Merz Legacy

Year | 2014
Location | Elterwater, Lake District, UK
Client | Littoral Arts Trust

We were invited by the Littoral Arts Trust to join a recently established team of artists and architects to discuss the future legacy of the artist Kurt Schwitters.  Littoral Arts are the owners of a site in the Lake District where the German degenerate artist worked on his final masterpiece, the Merzbarn.

Although the incomplete Merzbarn wall sculpture was removed to the Hatton Gallery in Newcastle in 1965, for conservation, the site continues to be a place of inspiration to many. The unique nature of Kurt Schwitters’ legacy in the UK is that the absence of a complete artwork allows scope to reimagine the use of the site, without the restrictions of traditional heritage sites.

There is already an existing, vibrant community of artists, students and other creative professionals who use the site. Our work aims to highlight the role of this community in the on-going activity that takes place there. The group engaged with members of the artist community, at an annual event held at Cylinders.

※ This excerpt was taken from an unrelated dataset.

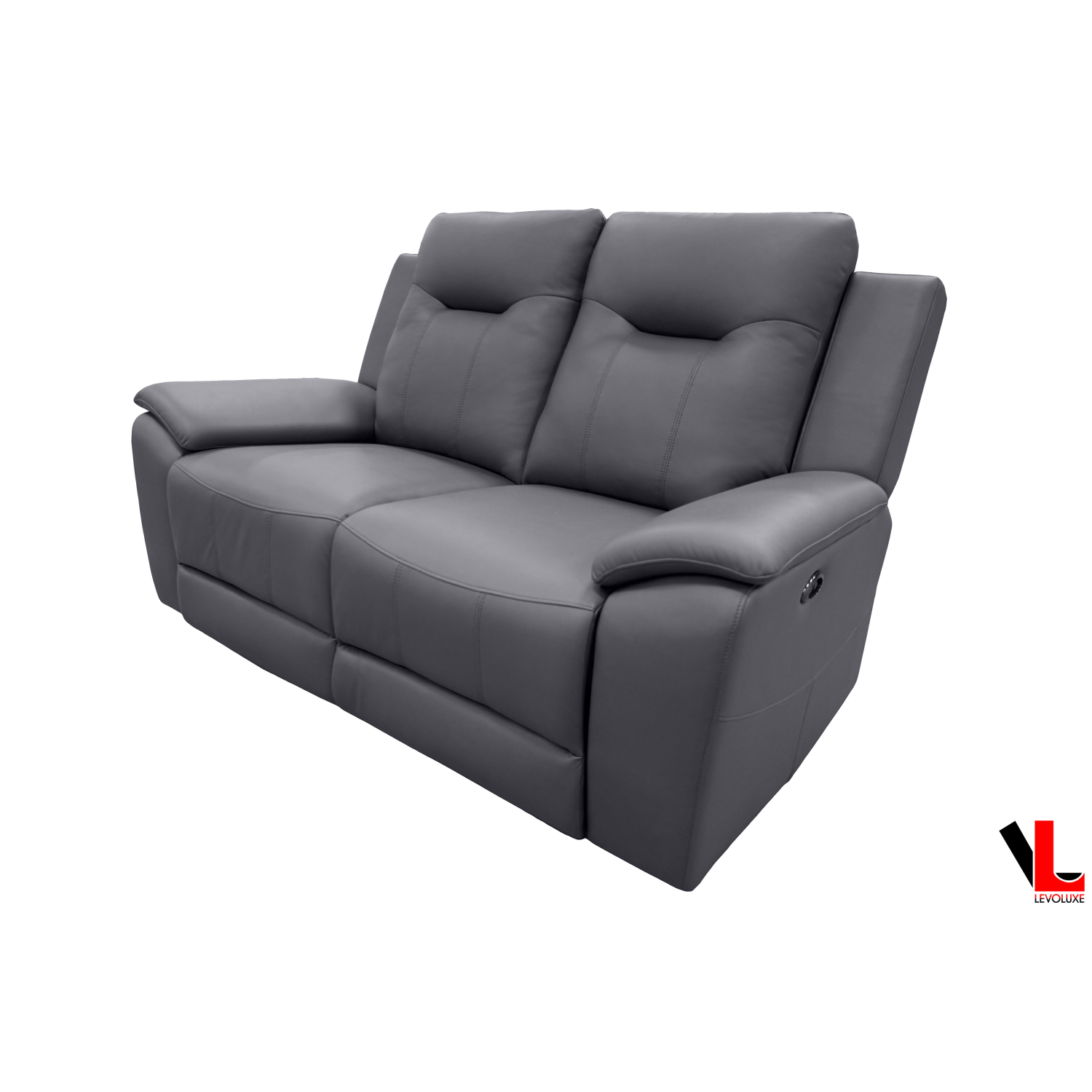 Causeuse inclinable électrique à 2 places Avante de 66 po en acier Jaxxon de Levoluxe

Our aim in this participation was to ensure the artists and students continue to have a stake in the future development of the site.

As a result of these discussions, we put forward three future scenarios for the site, envisaging it as a minimal intervention Rural Ecology Education Centre, a Rural Arts Centre and a larger scale Merz Legacy Centre.  In addition to this, we modelled a set of scenarios for the Merzbarn at 1:10, showing different functions that can be ‘mix and matched’.  The intention for this work was to form a start point for discussion about the future use of the site as the project is taken forward by the visionary design team.

One of the main outcomes of the Live Project was to provide an exhibition for a conference at Tate Britain in November 2014. We hope to help the client to secure funding for the development of the site, by explaining the on-going legacy of Schwitters in the Lake District.  As well as our proposals for the future of the site, we have also made various historical studies that set the context of Schwitters work. This included a timeline, mapping the key events in his life and the work of Littoral Arts in recent years. The work can also be used later on site as a visitor display or exhibition.

All of our research was compiled into a document for the client, which acts as a briefing manual for new designers coming to the project.